Niels Bleicher, Amt für Städtebau Zürich, Kompetenzzentrum Unterwasserarchäologie und Labor für Dendrochronologie

Die Bestimmung der Holzart kann im Prinzip sowohl makroskopisch als auch anatomisch-mikroskopisch erfolgen. Die makroskopische Bestimmung erfolgt anhand der Farbe und der Oberflächenstruktur. Ein geübtes Auge kann so eine hohe "Trefferquote" erreichen. Aber zum einen gibt es bei der Farbe oft auch artuntypische Beispiele – ganz besonders dann, wenn das Holz behandelt wurde – und zum anderen ändert sich die Farbe bei der Lagerung im Boden. Die Oberflächenstruktur hingegen kann nur eine Eingrenzung der möglichen Arten leisten. Die makroskopische Bestimmung ist daher verhältnismässig fehleranfällig und kann nur wenige Holzarten wie Eiche und Buche mit hinreichender Sicherheit identifizieren. Demgegenüber ist die anatomische Bestimmung weit zuverlässiger, denn sie orientiert sich am artspezifischen Vorhandensein und an der Kombination von Zelltypen und ihren Eigenschaften. Diese können objektiv erfasst werden. Die anatomische Bestimmung ist daher immer vorzuziehen. Insgesamt gibt es im Holz etwa 145 verschiedene anatomische Merkmale – mehr als es in Mitteleuropa Holzarten gibt. Die anatomische Bestimmung in Mitteleuropa kommt daher mit weit weniger Merkmalen aus und ist verhältnismässig einfach verglichen mit der Bestimmung von Tropenholz, dessen ca. 5000 Holzarten weit höhere Ansprüche an die Analyse stellen.

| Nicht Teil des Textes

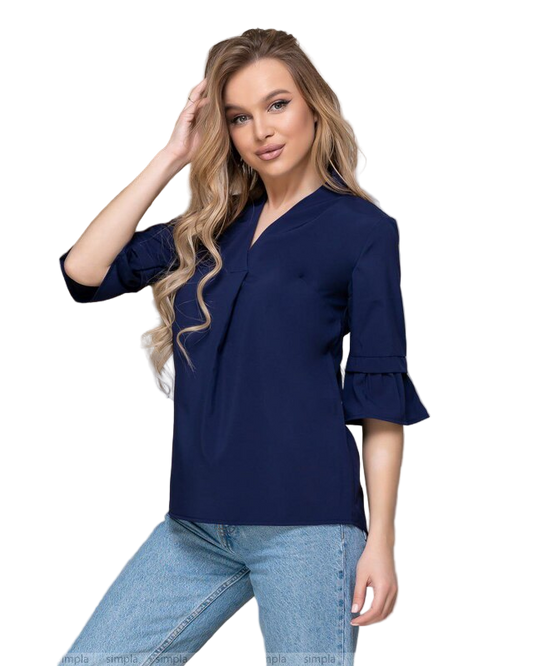 Woman wearing a navy blue blouse with ruffled sleeves on a white background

Die Hauptaufgaben des Holzes (Stofftransport, Stabilität und Stoffwechsel bzw. Speicherung) werden im Laubholz von unterschiedlichen, spezialisierten Zelltypen übernommen. Im evolutionär älteren Nadelholz übernimmt eine einzige Art von Zellen, die Tracheiden, sowohl die Stabilitäts- und die Wassertransportfunktion. Das Holzgewebe besteht im Grundsatz aus axialen und radialen Elementen. Während die Axialen beispielsweise für den Wassertransport von der Wurzel in den Wipfel zuständig sind, ist die Aufgabe der radialen Zellen die Speicherung und der radiale Transport von Assimilaten wie Zucker zwischen Holz und Bast. Die Analyse geschieht im Grundsatz durch die Betrachtung der drei anatomischen Ebenen im Quer-, Radial- und Tangentialschnitt bei 32- bis 200-facher Vergrösserung sowie durch den Abgleich mit Bestimmungsschlüsseln. Von frischem Holz werden dafür meist mit Mikrotomen Dünnschnitte von ca. 20 Mikrometern Dicke angefertigt. Bei archäologischem Holz reichen zumeist von Hand mit einer Rasierklinge ausgeführte Dünnschnitte. Bei vielen Holzobjekten sind schon durch die Herstellung die drei Ebenen an irgendeinem Punkt oberflächlich aufgeschlossen und direkt zugänglich. Eine vorsichtige Entnahme von Dünnschnitten mittels Rasierklinge hinterlässt bei geübten Analysten keine oder kaum sichtbare Spuren.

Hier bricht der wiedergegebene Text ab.